Cul-de-sac shared surface unsafe for pedestrians

Residential development of a largely brownfield site in a residential suburb of a Yorkshire city was denied permission by an inspector who shared the council's concerns over pedestrian safety and area character.

The outline scheme proposed to redevelop an industrial complex, an open area of rough ground, and a house, to provide a cul-de-sac of 41 new houses, including 22 affordable homes. The council refused the proposals against officer recommendation, over highway concerns and the loss of protected trees. 

Addressing the highway safety issue, the inspector agreed a 30-metre-long straight section of shared surface between two wider sections of access road would unduly entrust the safety of pedestrians, including children, to the behaviour of drivers and not satisfy Manual for Streets advice that shared surface schemes should create an environment in which pedestrians can walk, stop and chat without feeling intimidated by motor traffic. The inspector expressed concern that drivers entering or leaving the cul-de-sac would be leaving a non-shared surface, may have to wait behind pedestrians, or let them pass, or overtake them slowly and this may not happen in a safe or reasonable manner.

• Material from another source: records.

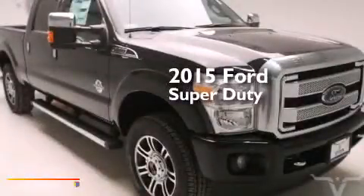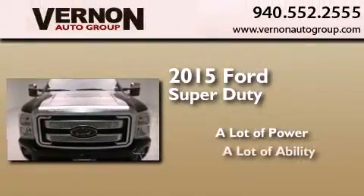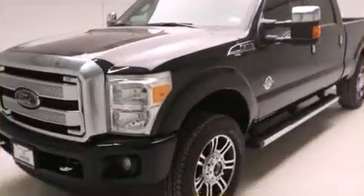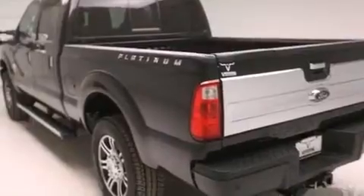This is a brand new 2015 Ford Super Duty. Features include a remote start feature, traction control and stability control systems, cruise control, and 12-volt power outlets.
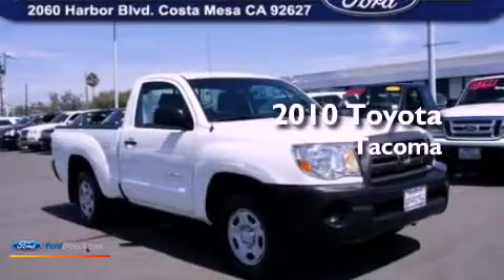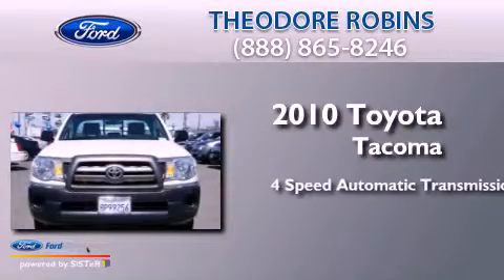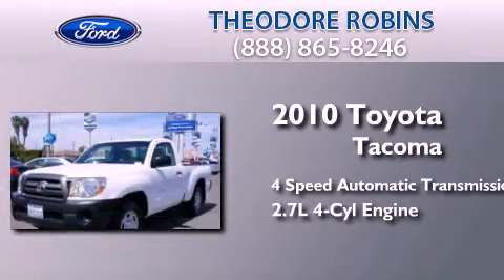This is a 2010 Toyota Tacoma. This truck has a four-speed automatic transmission and an inline four-cylinder engine.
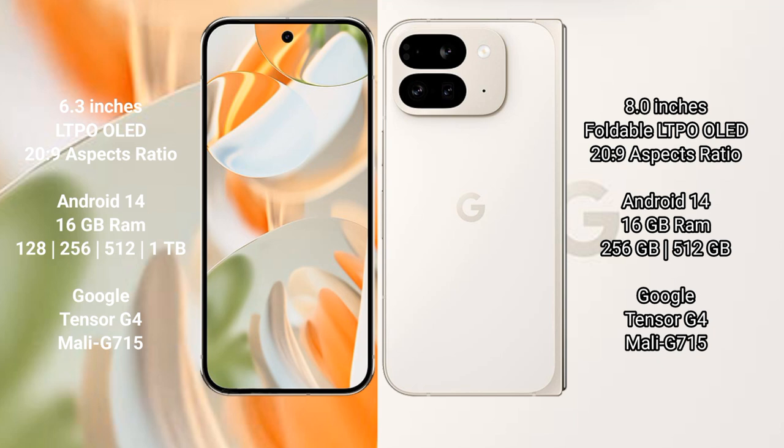Both phones feature the Google Tensor G4 processor and GPU model Immortalis-G715. The Google Pixel 9 Pro Fold comes with 16GB RAM and 256GB or 512GB internal storage options, also powered by the Google Tensor G4 processor and GPU model G715.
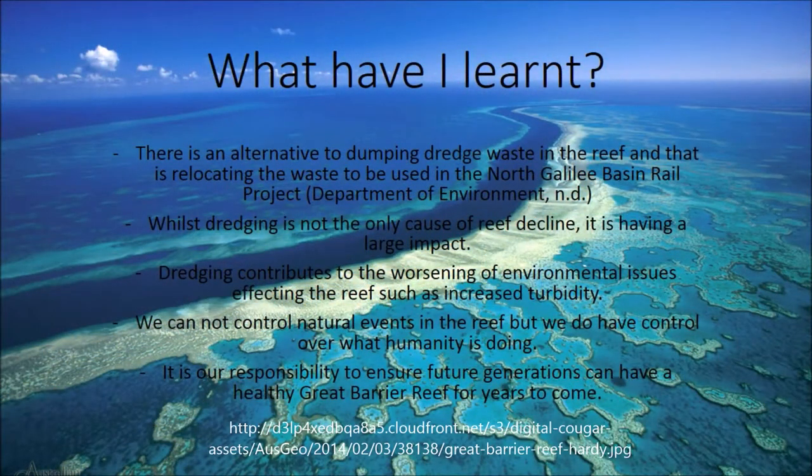I have learnt through this research project that there is an alternative to dumping dredge waste in the reef — that is, to reuse the waste for landfill for the North Galilee Rail project. I have also learnt that whilst dredging is not the only cause of reef decline, it is having a large impact, and it also contributes to water turbidity which leads to Crown of Thorns starfish outbreaks. Whilst we cannot control weather events, there is a lot we can control, and we have the responsibility to future generations to ensure the Great Barrier Reef is healthy for years to come.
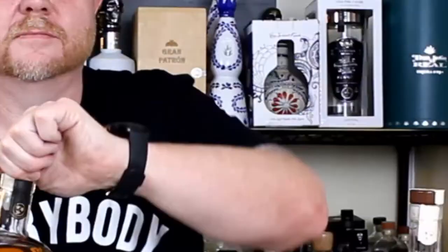Did I mention it's 100 proof? I might have, I don't know — that might have slipped my mind. Anyway, let's get to tasting. There's a lot of good information.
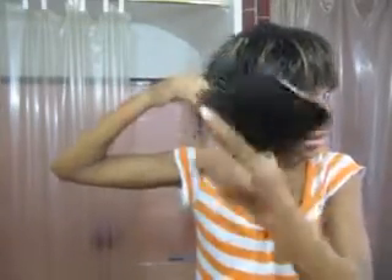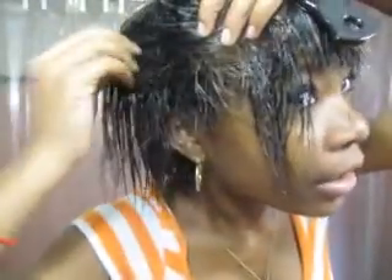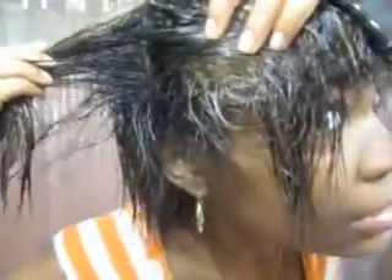So I just wanted to give you guys some texture shots. This is some of my new growth — it's curly and soft, and it can be stretched. And in the back it's like almost natural, really, really curly.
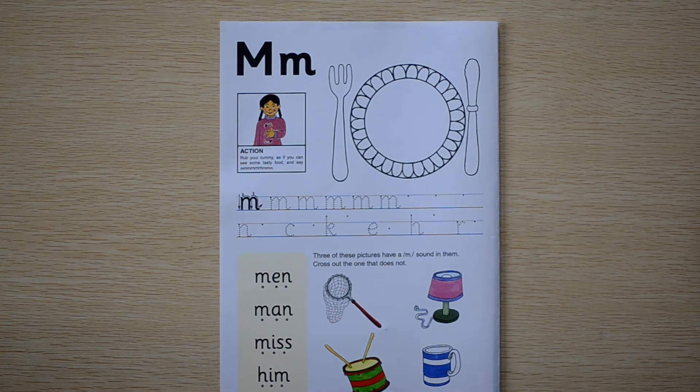Hello everybody! Welcome back to Cinnamon English. Today we're on lesson number 11 of our Jolly Phonics series of the 42 sounds. If you're enjoying the series, please remember to like, subscribe and hit the bell button. Let's get into it!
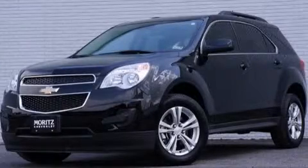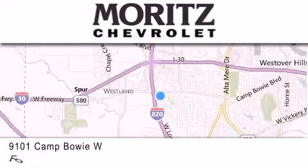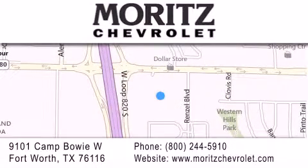Call or visit us right now and arrange your test drive today. Thank you for considering Moritz Chevrolet for your next luxury vehicle. If you have any questions, please visit our website, give us a call, or stop by our dealership located at 9101 Camp Bowie West in Fort Worth.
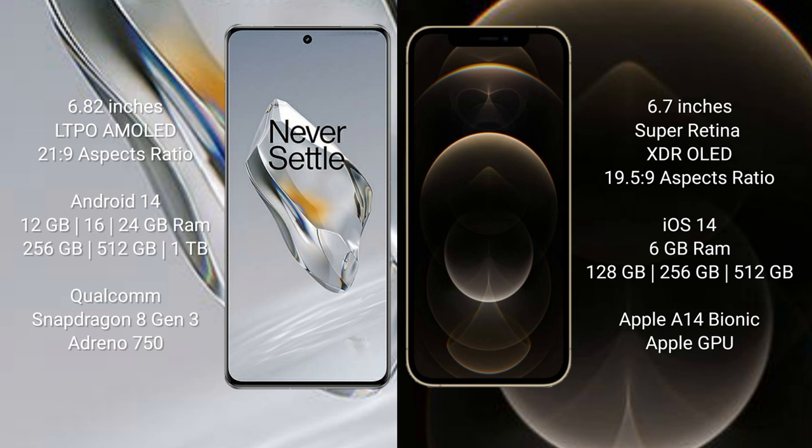The OnePlus 12 runs on the Android 14 operating system, while the iPhone 12 Pro Max runs on iOS 14. The OnePlus 12 comes with 12GB, 16GB, or 24GB RAM, and 256GB, 512GB, or 1TB internal storage, powered by the Snapdragon 8 Gen 3 processor with Adreno 750 GPU.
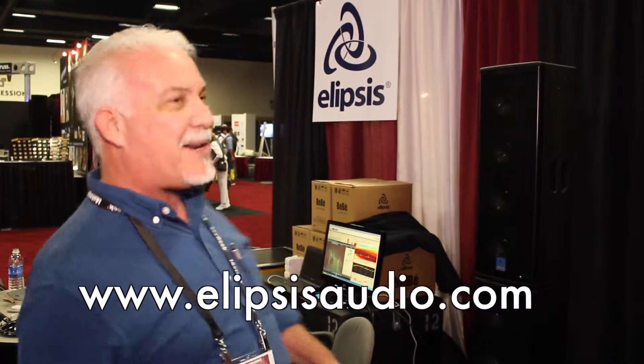So come check out our website at ellipsisaudio.com — that's how you spell ellipsis — at audio.com, and find out more about the Baby Monitor.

The appeal site contained a number of established trees and the whole site covered by a woodland group TPO, giving it a leafy and verdant character. The appellants withdrew an earlier offer to the council to fund, through a legal agreement, off-site replacement planting. Without mitigation in the form of replacement woodland planting, the inspector considered loss of all the trees on the site would result in significant harm to the character and appearance of the area.